Há muito sabemos que a matéria é feita de átomos, que se ligam formando moléculas. Muito já se conhece sobre a forma como átomos ou moléculas se agregam - na linguagem técnica, se condensam - para formar sólidos ou líquidos. Com base nesse conhecimento, foram obtidos importantes avanços na ciência e tecnologia dos materiais. Tal tecnologia permite a produção de cristais sintéticos diversos, desde diamantes até os cristais de silício com os quais fabricamos os chips dos computadores, de materiais magnéticos para gravação e armazenamento de dados, de ligas diversas para a indústria mecânica, de materiais plásticos e vítreos, e mais uma grande variedade de materiais com propriedades específicas e otimizadas para aplicações industriais diversas.

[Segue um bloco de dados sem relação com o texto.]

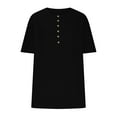 thumbnail image 4 of Womens Henley Shirt, Short Sleeve Shirts for Women Summer Casual Loose Fit Solid Color Button Up T-Shirts Tops, 4 of 6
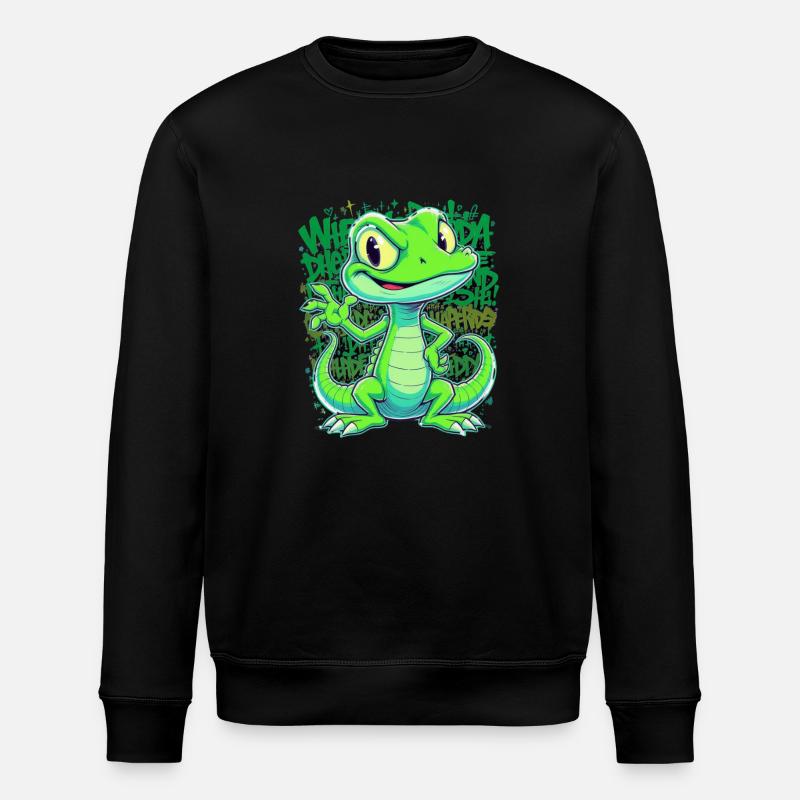 Fröhliche Echse – Witziger Comic Style - Stanley/Stella Unisex Bio-Sweatshirt ROLLER - Schwarz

Esses materiais já desenvolvidos pelo homem são relativamente simples. Um material cristalino é uma composição de unidades básicas, denominadas células cristalinas, cada uma contendo um pequeno número de átomos, justapostas em um arranjo periódico como tijolos empilhados. Em contraste, em um material amorfo, como são os vidros e também os líquidos, átomos ou moléculas estão dispostos de forma desordenada, aleatória, mas dessa extrema desorganização também resultam propriedades simples, facilmente entendidas. Entretanto, nem tudo na natureza é tão simples. Freqüentemente, a matéria se auto-organiza em estruturas muito mais complexas que as produzidas pela engenharia dos materiais já dominada pelo homem. No ápice dessa complexidade estão os seres vivos. Neles, átomos se combinam em estruturas com uma forma hierárquica de complexidade: aminoácidos se combinam para formar proteínas de enorme diversidade, essas e outras estruturas moleculares formam células e tecidos também muito diversos, culminando em uma unidade capaz de crescer, auto-reproduzir, fazer reparos de danos em si mesmos, e finalmente perder tal capacidade de auto-reparo, com a conseqüente interrupção das funções e a decomposição do organismo.

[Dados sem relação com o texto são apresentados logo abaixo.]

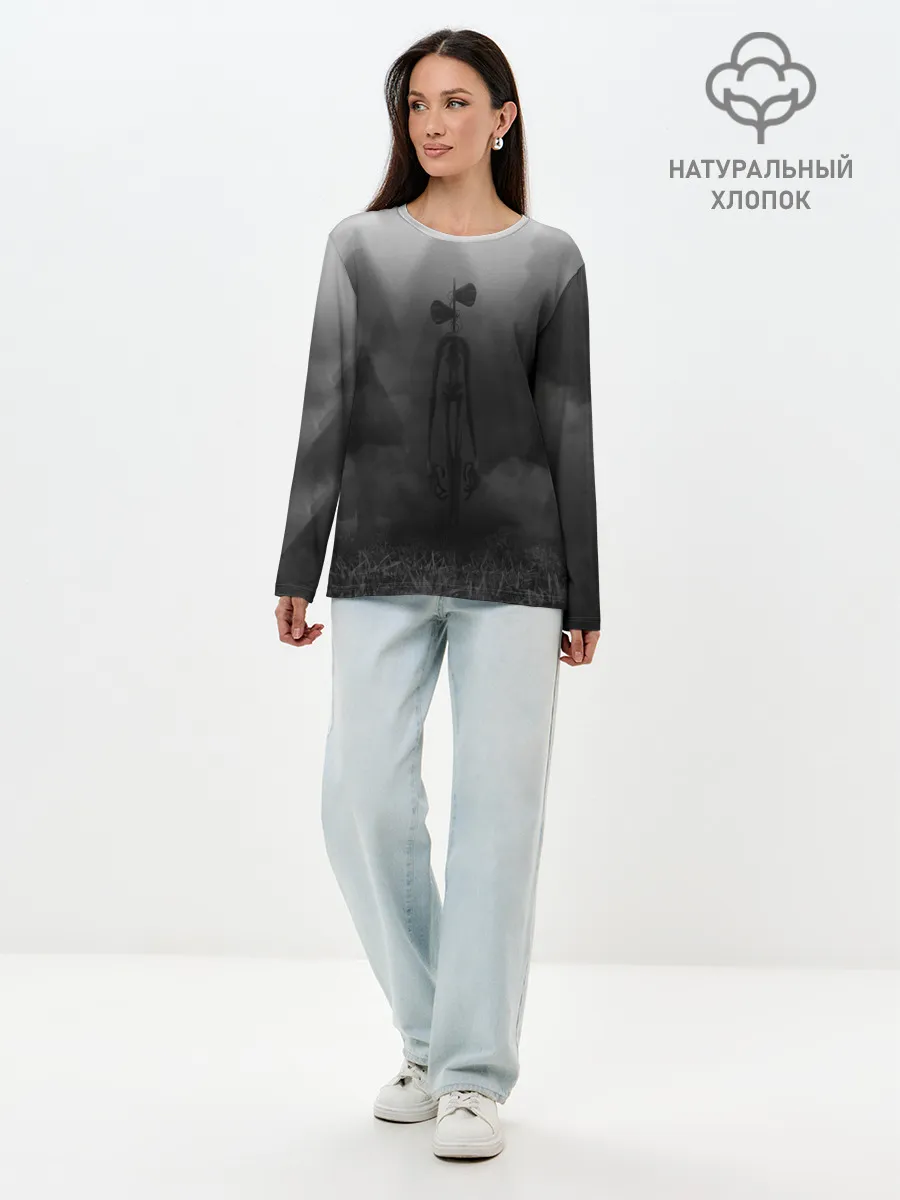 Лонгслив женский. Хлопок / СИРЕНОГОЛОВЫЙ / ТУМАННЫЙ ЛЕС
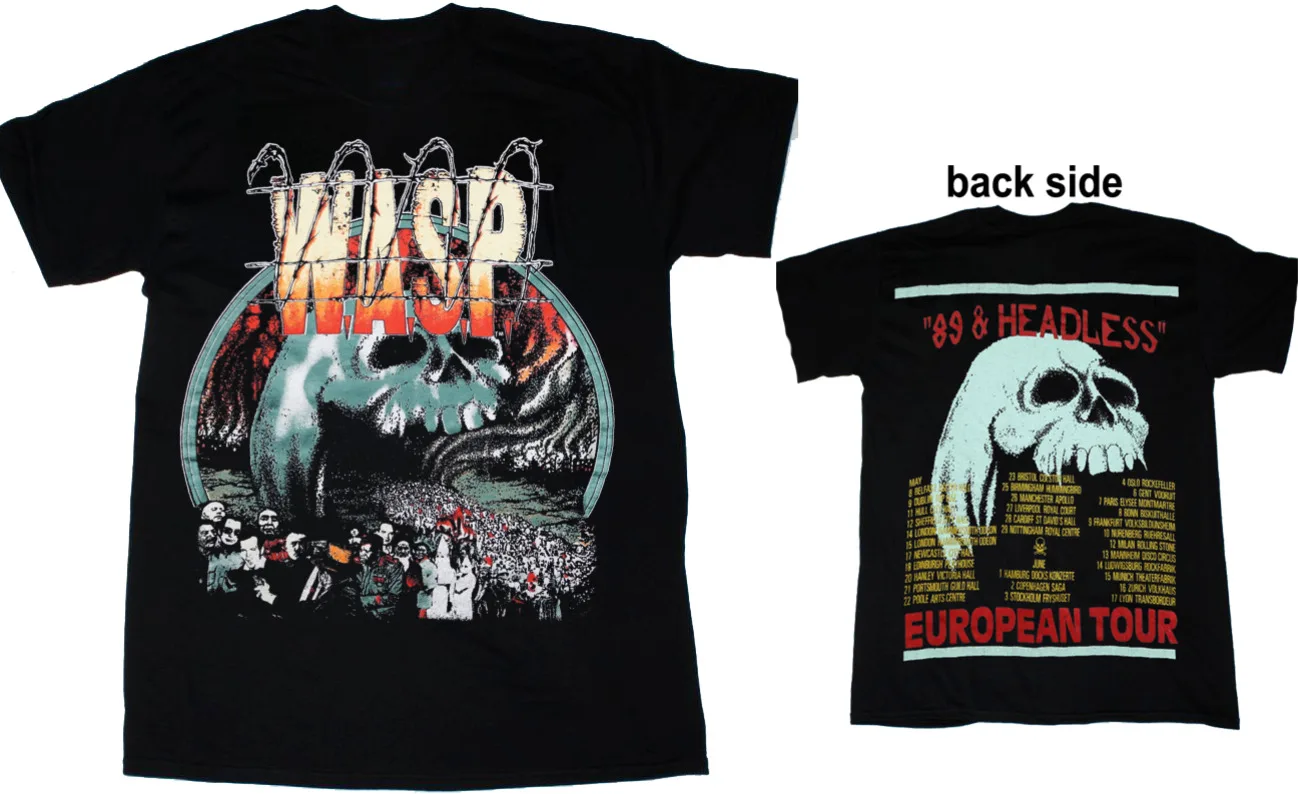 1989 W.A.S.P. 89 and Headless Euro Tour T-Shirt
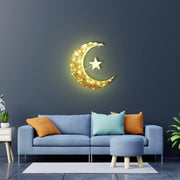 Festive Lights - 30 cm Golden Crescent Moon with Star Wall Hanging Light - LED Ramadan & Eid Wall Decoration Light for Home & Festive Occasions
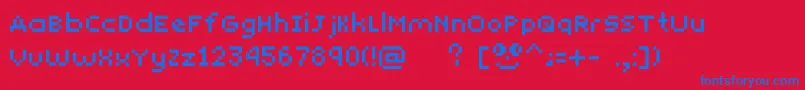 フォントYunapixel – 赤い背景に青い文字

Recentemente, surgiram a nanociência e a nanotecnologia (N & N), que têm por meta dominar parte, pequena que seja, do virtuosismo da natureza na organização da matéria átomo por átomo, molécula por molécula. Esses dois neologismos derivam de nano, prefixo usado na ciência para designar um bilionésimo. Assim, um nanômetro (símbolo nm) é um bilionésimo de metro. Para termos de comparação, um átomo mede cerca de 2 décimos de um nanômetro e o diâmetro de um fio de cabelo humano mede cerca de 30.000 nanômetros. Assim, a nanociência e a nanotecnologia visam, respectivamente, a compreensão e o controle da matéria na escala nanométrica ou, de forma mais abrangente, desde a escala do átomo até cerca de 100 nanômetros, que coincidentemente é a escala típica de um vírus. Apesar desses desenvolvimentos ainda estarem no seu início, em uma fase exploratória, as possibilidades já parecem quase sem limites e a nanotecnologia promete ser uma grande revolução tecnológica.

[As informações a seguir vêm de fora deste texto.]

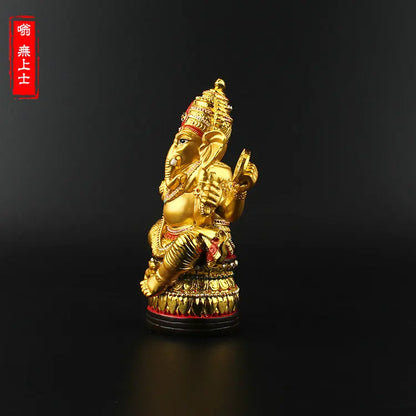 HOT SALE 13CM   Buddha supplies  HOME Family efficacious protective- Indian Buddhism Elephant god gilding statue Decoration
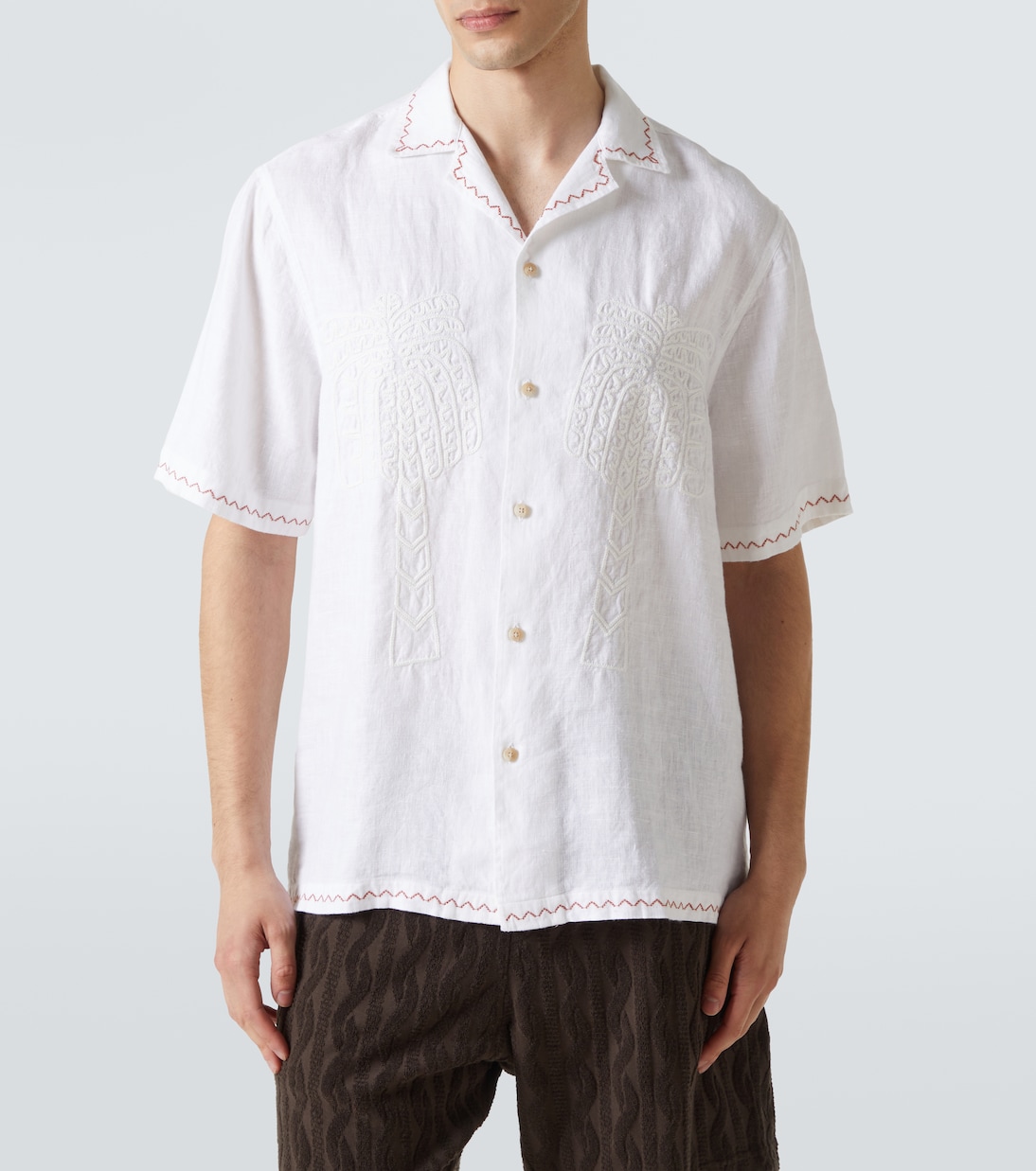 Camicia da bowling Flavio in lino con ricamo | Frescobol Carioca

Um dos feitos mais importantes para o desenvolvimento da N & N foi a invenção em 1981 do microscópio de varredura por tunelamento eletrônico (scanning tunneling microscope - STM) por Gerd Binning e Heinrich Roher, do laboratório da IBM em Zurique. A concepção do STM é bastante simples. Uma agulha extremamente fina, cuja ponta é constituída de alguns poucos átomos ou até mesmo de um único átomo, "tateia" uma superfície sem nela tocar, dela afastada de menos de um nanômetro. Durante a varredura da agulha, elétrons tunelam (tunelamento é uma forma de movimento de origem quântica que ocorre na escala atômica) da agulha para a superfície e com base nessa corrente de tunelamento um computador constrói uma imagem extremamente ampliada da superfície, na qual ficam visíveis os seus átomos. Dessa forma, pela primeira vez o relevo atômico da superfície de um corpo pôde ser visto e investigado.

O STM deu origem a uma família de instrumentos de visualização e manipulação na escala atômica, coletivamente denominados microssondas eletrônicas de varredura (scanning probe microscopes - SPM). Além da visualização nanométrica de uma superfície, os SPM permitem manipular átomos e moléculas, que podem se arrastados de um ponto e depositados em outro ponto previamente selecionado. Em um sentido figurado, os SPM podem operar como pinças capazes de manipular átomos e moléculas. Isso foi demonstrado de forma espetacular em 1990, quando Donald Eigler e Erhard Schweizer, do laboratório da IBM em Almaden, Califórnia, escreveram o logotipo IBM precisamente posicionando 35 átomos de xenônio sobre uma superfície de níquel, como se vê na Figura 1.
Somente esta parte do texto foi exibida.